In tempi a noi più vicini (sul finire degli anni ’60), quando questa chiesetta rurale fu abbandonata per poi essere definitivamente “sconsacrata” (uso questo termine impropriamente in quanto la chiesetta risultava essere benedetta, ma non consacrata), la statua fu portata nel Santuario di Santa Maria della Libera (dove ancora oggi è custodita in bella esposizione) e ridipinta da un frate cappuccino.
Attualmente ridotta a poco più di un rudere, questa chiesetta porta con se i segni indelebili del saccheggio e della scellerata opera vandalica perpretata in questi anni dall’uomo.
In una recente escursione esplorativa da me effettuata (a inizio 2007) con i fidati amici ricercatori Ferdinando Fontanella e Catello Esposito Sansone, abbiamo potuto appurare che nulla, o quasi, è stato lasciato in loco, oltre ai paramenti e agli arredi, fortunatamente trasferiti anzitempo a miglior sede, a causa dei continui saccheggi perpetrati in questi anni, sono state asportate e distrutte: mattonelle, decorazioni e addirittura gli infissi.
La scena che si presenta agli occhi di chi si reca alla chiesetta è a dir poco deprimente, residui di stucchi e calcinacci ovunque, la stessa situazione si ripete anche nei due ambienti attigui: in quello piccolo leggermente sopraelevato che molto probabilmente era adibito ad uso di sagrestia per riporre i paramenti, al quale si accede mediante una scalinata da uno stretto passaggio situato in un angolo dell’ambiente principale (vedi foto):
e nella stanza soprastante (forse luogo di meditazione e di riposo di chi officiava la Santa Messa), alla quale si accede mediante una entrata situata al lato monte.
Eppure nonostante l’avanzato stato di abbandono e di degrado, questo piccolo rudere esercita ancora un discreto fascino.

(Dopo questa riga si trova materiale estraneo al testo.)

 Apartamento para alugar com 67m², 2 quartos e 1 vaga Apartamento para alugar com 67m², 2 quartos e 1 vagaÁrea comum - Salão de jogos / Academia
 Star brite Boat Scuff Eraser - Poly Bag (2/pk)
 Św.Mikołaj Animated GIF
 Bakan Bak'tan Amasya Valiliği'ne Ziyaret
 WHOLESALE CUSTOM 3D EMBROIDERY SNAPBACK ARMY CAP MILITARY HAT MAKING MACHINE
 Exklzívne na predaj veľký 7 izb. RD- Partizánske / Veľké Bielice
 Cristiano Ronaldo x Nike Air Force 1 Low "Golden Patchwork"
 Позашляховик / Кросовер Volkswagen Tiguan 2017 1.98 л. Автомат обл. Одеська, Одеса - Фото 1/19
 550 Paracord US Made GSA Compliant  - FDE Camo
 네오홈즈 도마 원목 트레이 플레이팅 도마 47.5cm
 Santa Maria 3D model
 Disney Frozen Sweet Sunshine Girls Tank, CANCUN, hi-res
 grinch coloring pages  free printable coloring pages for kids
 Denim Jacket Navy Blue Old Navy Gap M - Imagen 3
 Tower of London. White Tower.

I pochi stucchi ancora presenti e i fregi scampati agli atti vandalici, sono testimonianza di eleganza e sobrietà. Nella nostra breve seduta esplorativa abbiamo avuto modo di riscoprire alcuni particolari fortunatamente sopravvissuti alla descritta devastazione: un gruppo di piastrelle del pavimento che denota una messa in posa a cardamone (ancora ben conservate nella loro originaria posizione perché nascoste da una fitta coltre di calcinacci), e soprattutto, cosa che ha colpito particolarmente la nostra attenzione, la traccia a matita di mitra e pastorale (riemersa dopo il distacco dei sovrapposti fregi), che molto probabilmente fu abbozzata dal maestro decoratore che ebbe il privilegio di applicare gli ornamenti parietali della chiesetta in costruzione (vedi il particolare nella foto a seguire).
Il 24 ottobre, nel giorno in cui cadeva l’allora festività di San Raffaele (oggi traslata al 29 settembre), il popolo stabiano e i tanti devoti delle città viciniori erano soliti fare visita al Santo. Una curiosità, in tale occasione i ragazzi improvvisavano la tradizionale raccolta delle cosiddette “sovere pilose” (i corbezzoli).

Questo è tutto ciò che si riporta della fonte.